I Don't Know How To Pray Anymore
Can you have faith for someone else?
Let's say you know someone who has walked away from God, or has never known or believed in God. And you pray and pray for them. Can you have faith on their behalf?
Tricky one this. So let's analyse it carefully.
Yes, you can have faith on their behalf. This means you have faith in God that God loves them as one of His creations, and that He dearly desires that they return to Him and spend eternity with Him.
So, by having faith on their behalf, you are actually opening a channel through which God can respond to your prayers. God listens to you and is aware of your pleas on behalf of someone else. So your prayers are answered by God creating opportunities for that person to return to God.
But this bit is important: God creates opportunities for that individual to return to Him in response to your prayers.

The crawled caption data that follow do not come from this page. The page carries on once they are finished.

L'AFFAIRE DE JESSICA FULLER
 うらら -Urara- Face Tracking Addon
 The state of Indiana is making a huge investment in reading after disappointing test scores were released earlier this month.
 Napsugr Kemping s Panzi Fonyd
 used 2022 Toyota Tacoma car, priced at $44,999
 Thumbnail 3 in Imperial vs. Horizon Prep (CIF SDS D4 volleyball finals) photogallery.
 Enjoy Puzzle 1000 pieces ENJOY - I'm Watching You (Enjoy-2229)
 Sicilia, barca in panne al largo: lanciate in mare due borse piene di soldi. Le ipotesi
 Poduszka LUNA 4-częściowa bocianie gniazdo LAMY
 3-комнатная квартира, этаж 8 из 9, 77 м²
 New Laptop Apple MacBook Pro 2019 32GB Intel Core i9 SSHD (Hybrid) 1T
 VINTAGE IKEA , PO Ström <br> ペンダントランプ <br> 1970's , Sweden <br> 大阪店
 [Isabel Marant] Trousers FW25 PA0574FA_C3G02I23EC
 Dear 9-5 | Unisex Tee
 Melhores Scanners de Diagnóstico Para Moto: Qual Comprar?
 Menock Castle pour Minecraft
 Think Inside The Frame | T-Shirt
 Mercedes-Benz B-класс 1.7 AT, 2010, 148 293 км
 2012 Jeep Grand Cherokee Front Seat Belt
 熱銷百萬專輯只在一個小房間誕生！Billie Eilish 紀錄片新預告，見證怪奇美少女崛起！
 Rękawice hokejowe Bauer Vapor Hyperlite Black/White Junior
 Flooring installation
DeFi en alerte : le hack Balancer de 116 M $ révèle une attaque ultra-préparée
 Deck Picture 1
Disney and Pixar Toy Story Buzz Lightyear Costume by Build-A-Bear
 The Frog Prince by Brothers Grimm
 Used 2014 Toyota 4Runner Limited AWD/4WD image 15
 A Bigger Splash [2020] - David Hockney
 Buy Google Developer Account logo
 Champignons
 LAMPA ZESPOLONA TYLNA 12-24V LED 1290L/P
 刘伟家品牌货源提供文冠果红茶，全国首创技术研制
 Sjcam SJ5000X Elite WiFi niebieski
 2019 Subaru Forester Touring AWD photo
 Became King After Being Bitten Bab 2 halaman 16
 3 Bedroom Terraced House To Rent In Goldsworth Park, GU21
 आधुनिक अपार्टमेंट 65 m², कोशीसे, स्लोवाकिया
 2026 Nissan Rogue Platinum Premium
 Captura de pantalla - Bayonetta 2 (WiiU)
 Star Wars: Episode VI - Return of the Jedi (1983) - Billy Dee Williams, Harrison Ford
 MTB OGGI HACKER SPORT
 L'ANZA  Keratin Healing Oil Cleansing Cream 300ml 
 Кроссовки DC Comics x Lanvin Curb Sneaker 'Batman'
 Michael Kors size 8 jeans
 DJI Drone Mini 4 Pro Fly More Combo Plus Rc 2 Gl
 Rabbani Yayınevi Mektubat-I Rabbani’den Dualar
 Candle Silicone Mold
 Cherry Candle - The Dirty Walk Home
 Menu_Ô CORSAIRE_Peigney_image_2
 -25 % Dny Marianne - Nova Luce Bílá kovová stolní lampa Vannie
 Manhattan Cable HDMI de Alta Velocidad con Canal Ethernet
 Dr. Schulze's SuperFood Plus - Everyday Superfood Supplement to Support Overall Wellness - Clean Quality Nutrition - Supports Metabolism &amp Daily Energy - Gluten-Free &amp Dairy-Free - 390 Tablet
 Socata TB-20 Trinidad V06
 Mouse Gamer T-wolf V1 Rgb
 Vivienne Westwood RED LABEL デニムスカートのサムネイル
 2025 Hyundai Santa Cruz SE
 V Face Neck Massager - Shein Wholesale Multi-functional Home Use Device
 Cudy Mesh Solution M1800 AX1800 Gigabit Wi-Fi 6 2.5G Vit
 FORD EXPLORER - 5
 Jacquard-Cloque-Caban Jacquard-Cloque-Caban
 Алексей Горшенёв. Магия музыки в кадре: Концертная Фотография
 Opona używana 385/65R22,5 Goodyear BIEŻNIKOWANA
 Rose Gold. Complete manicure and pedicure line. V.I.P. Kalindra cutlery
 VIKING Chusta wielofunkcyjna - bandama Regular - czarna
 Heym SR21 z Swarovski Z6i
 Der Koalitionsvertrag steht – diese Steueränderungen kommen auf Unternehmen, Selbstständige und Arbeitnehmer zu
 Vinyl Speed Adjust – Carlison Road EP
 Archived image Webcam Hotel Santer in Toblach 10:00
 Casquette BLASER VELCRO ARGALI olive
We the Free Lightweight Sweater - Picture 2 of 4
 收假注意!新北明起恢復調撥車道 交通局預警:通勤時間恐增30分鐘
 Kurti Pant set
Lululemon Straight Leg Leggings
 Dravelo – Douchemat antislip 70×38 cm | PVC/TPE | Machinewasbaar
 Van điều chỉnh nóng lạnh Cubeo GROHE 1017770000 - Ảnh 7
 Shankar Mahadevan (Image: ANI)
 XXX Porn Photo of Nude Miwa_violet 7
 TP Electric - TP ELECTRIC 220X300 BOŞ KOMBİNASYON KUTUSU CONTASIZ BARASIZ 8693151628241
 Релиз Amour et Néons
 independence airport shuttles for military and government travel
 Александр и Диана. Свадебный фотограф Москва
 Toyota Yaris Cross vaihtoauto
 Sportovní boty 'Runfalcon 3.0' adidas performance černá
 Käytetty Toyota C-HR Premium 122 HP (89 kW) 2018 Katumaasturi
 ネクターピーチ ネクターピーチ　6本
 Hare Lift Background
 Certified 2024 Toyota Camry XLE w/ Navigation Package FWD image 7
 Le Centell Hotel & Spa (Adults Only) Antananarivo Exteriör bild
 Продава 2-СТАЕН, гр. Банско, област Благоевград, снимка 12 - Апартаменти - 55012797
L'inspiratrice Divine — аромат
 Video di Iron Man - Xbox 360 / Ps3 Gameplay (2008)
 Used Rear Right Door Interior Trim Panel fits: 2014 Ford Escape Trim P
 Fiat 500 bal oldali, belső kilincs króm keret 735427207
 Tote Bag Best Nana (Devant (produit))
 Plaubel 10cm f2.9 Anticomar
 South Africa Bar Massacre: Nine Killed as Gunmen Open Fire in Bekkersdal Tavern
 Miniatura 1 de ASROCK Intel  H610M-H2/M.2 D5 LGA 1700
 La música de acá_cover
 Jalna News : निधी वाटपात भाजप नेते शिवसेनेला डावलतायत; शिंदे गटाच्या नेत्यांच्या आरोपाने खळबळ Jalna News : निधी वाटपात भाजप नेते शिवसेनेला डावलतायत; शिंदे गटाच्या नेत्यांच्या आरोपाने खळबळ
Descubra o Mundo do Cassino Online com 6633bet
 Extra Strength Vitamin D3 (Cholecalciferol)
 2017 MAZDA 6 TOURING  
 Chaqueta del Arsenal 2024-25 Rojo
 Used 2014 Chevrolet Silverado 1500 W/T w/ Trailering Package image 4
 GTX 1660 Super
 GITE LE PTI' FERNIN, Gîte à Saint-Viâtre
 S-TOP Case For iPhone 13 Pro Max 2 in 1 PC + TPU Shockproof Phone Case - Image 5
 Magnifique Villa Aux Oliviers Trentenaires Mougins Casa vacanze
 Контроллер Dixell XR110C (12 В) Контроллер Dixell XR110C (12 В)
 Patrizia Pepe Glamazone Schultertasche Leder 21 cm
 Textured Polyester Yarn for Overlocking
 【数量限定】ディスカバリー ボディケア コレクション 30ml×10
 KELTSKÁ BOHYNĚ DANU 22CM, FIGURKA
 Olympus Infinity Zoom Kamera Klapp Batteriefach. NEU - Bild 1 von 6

But God never controls that individual. He never forces that individual to return to Him. God merely shows him the way. But the final decision to return to God or not rests with that individual.
Thus it follows that yes ... you can have faith on behalf of someone else. Your faith, (sincere belief), is that God will answer your prayer by calling your friend back into the fold. Remember Christ saying that He would leave the ninety-nine sheep in search for the one that is lost? So, God will call back that lost sheep, but He will never force him back.
It is worth repeating: Through your faith you pray for another person. God hears your prayers and responds by allowing/creating opportunities for that person to return to God, or find God in their lives. God does not force that person in any way. To do so would be forcing His will, (and yours), on that person. The person must always be free to make his own decision. Your prayers and your faith are a channel and a plea to God on this person's behalf.